Studio album by Daniel 李吉漢
- Released: November 2005 (Malaysia)
- Recorded: September/October 2005
- Genre: Pop
- Length: 46:54
- Label: Sony BMG Malaysia

Daniel 李吉漢 chronology
| Mimpi (2005) | Daniel 李吉漢 (2005) | Daniel Celebration Edition 慶功收藏版 (2006) |

= Daniel Lee Chee Hun (album) =

2005 album by Daniel Lee Chee Hun

Daniel 李吉漢 is the self-titled debut album released by the winner of Malaysian Idol 2, Daniel Lee Chee Hun. Released in November 2005, the album achieved platinum status after sales exceeded 25,000 units within six months. It included 10 songs, including seven songs in Mandarin, one in English, and his hit "Mimpi" sung in both Malay and Mandarin.

==Celebration Edition==

Daniel Celebration Edition 慶功收藏版 (Pinyin: Qìng Gōng Shōu Cáng Bǎn) was introduced to the market in 2006 to mark the achievement of sales of the self-titled debut album of Daniel Lee Chee Hun (winner of Malaysian Idol 2), at more than 25,000 copies, which is accorded as platinum status.

This celebration edition contains two discs. The first one consists of all 10 songs from Danell's first album. The second disc contains MVs of four of Danell's songs and a "Behind The Scenes" video clip showing the work of Danell's shooting of his MVs plus a personal message delivered by Daniel himself.

==Track listing==
1. 飛 (Fēi / Fly)
2. 選擇 (Xuǎn Zé / The Choice)
3. 有機 (Yǒu Jī / Organic Love)
4. I Don't Know
5. 現在，很想見你 (Xiàn Zài, Hěn Xiǎng Jiàn Nǐ / I Love To See You Now)
6. 無法自拔 (Wú Fǎ Zì Bá / Irresistible)
7. 幸運兒 (Xìng Yùn Ér / The Lucky One)
8. 第二次童年 (Dì Èr Cì Tóng Nián / Second Childhood)
9. Heaven Knows
10. Mimpi (Dream)

==Video CD MV listing==
1. 飛 (Fēi / Fly)
2. 有機 (Yǒu Jī / Organic Love)
3. 現在，很想見你 (Xiàn Zài, Hěn Xiǎng Jiàn Nǐ / I Love To See You Now)
4. 幸運兒 (Xìng Yùn Ér / The Lucky One)

BONUS: Behind The Scenes 幕後花絮 (Mù Hòu Huā Xù)

==Background==
Daniel's debut album is the first of its kind for a Malaysian Chinese singer, consisting of songs in 3 languages widely spoken in Malaysia. The first 8 songs are in Mandarin, while the 9th and last songs are in English and Malay respectively.

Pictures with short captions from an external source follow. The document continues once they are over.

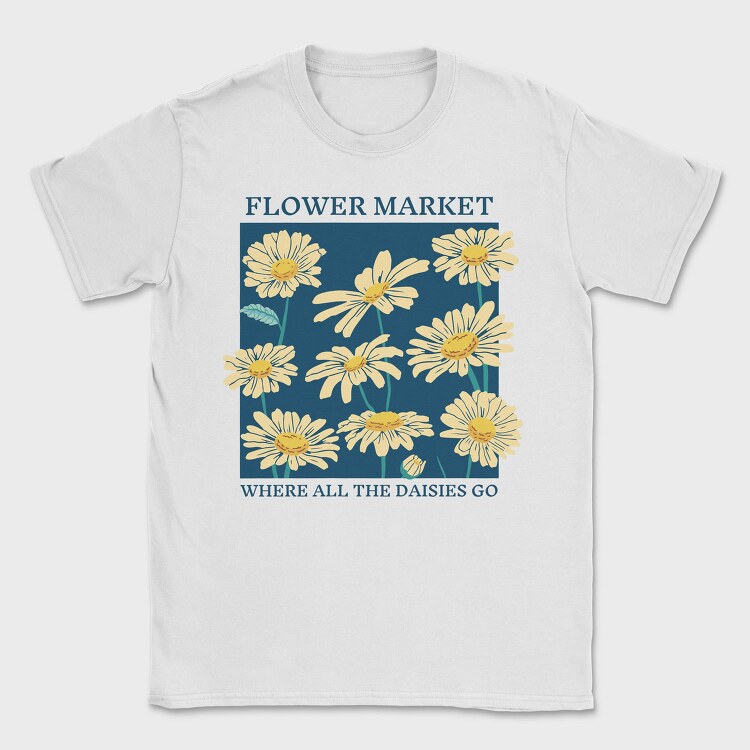 Flower Market Daisies, Tricou Barbati (Unisex)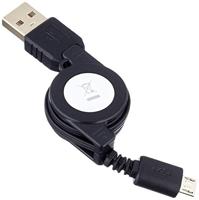 LogiLink USB-kabel USB 2.0 USB-A stekker, USB-micro-B stekker 0.75 m Zwart Incl. oproller CU0090 - thumbnail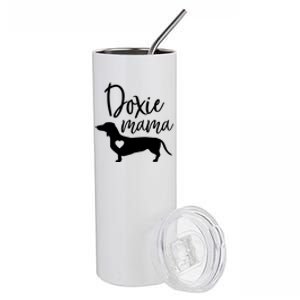 Doxie Mama Dachshund Mom Funny Wiener Dog Gift Stainless Steel Tumbler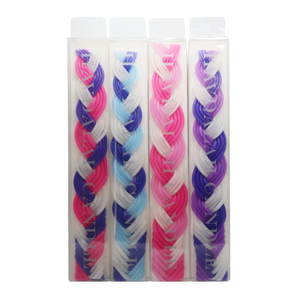 <span class=keywords><strong>Bougies</strong></span> de Havdalah Artisanales OEM à Marque Blanche, Design Tressé Multicolore, Cire de Paraffine, <span class=keywords><strong>Bougies</strong></span> d'Art <span class=keywords><strong>Rituel</strong></span> Juif, Vente en Gros - Product Image 3
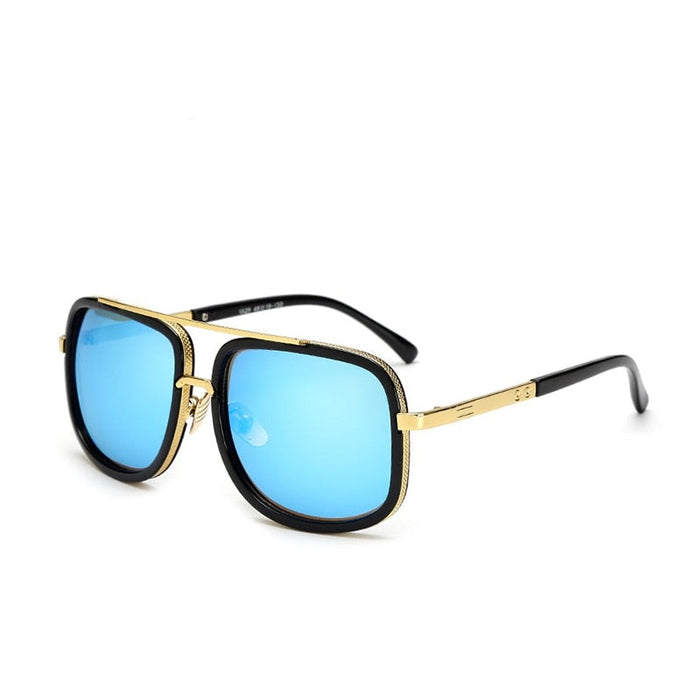 Men's Square 'Cool Lagoon' Metal Sunglasses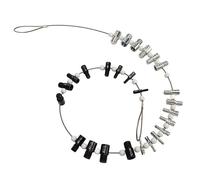 Set di 26 pezzi per il controllo delle filettature di dadi e bulloni, calibro identificatore di dimensioni delle filettature in pollici e metriche in acciaio al carbonio con design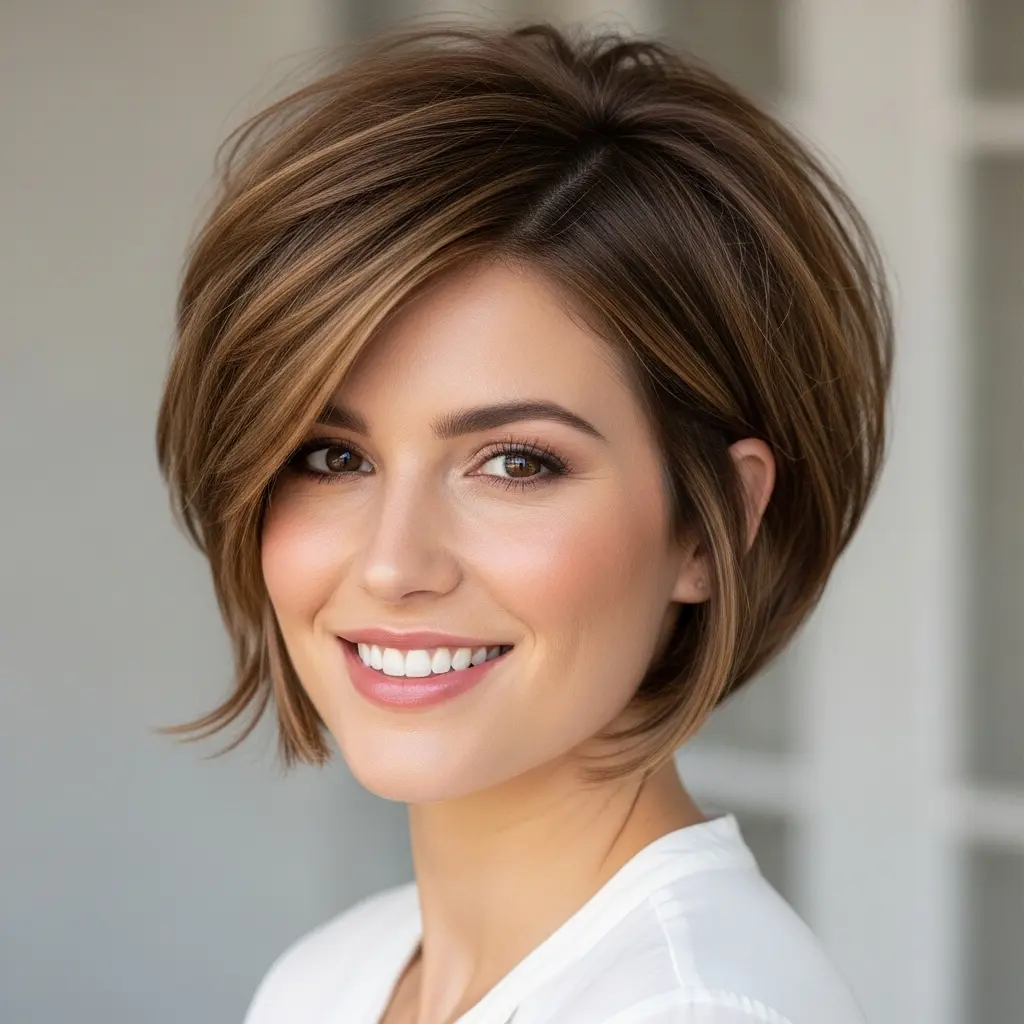 #4 Jaw-Length Longer Pixie Bob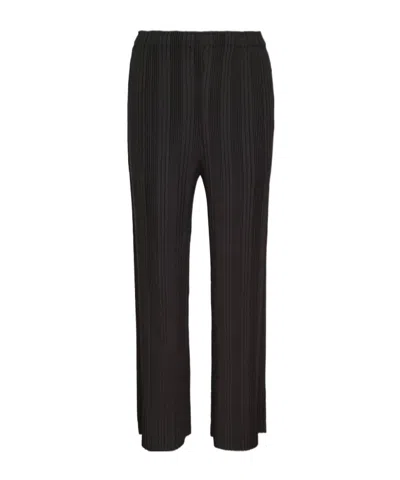 Issey Miyake Pleated Casual Pants In Black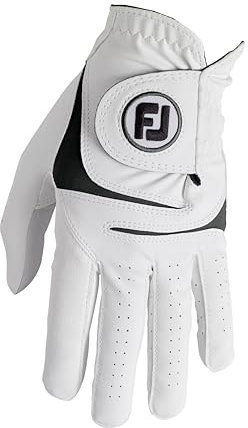 Footjoy 66245 Herren-Golfhandschuhe, Weiß, M/L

It is believed to be the very first Mandarin album to include romanized Pinyin lyrics for those whose native tongue is not Mandarin.

Fly 飛 is the Mandarin version of the last and only Malay song in the album, Mimpi. The latter song was sung by Daniel himself during the Grand Finale of Malaysian Idol 2.

Heaven Knows is an existing English song sung by Rick Price. It is also one of the three songs sung by Daniel during the Grand Finale of Malaysian Idol 2, aside Mimpi and Angin Malam (Angin Malam is recorded in Danell's 2nd album Unavoidable 躲不過.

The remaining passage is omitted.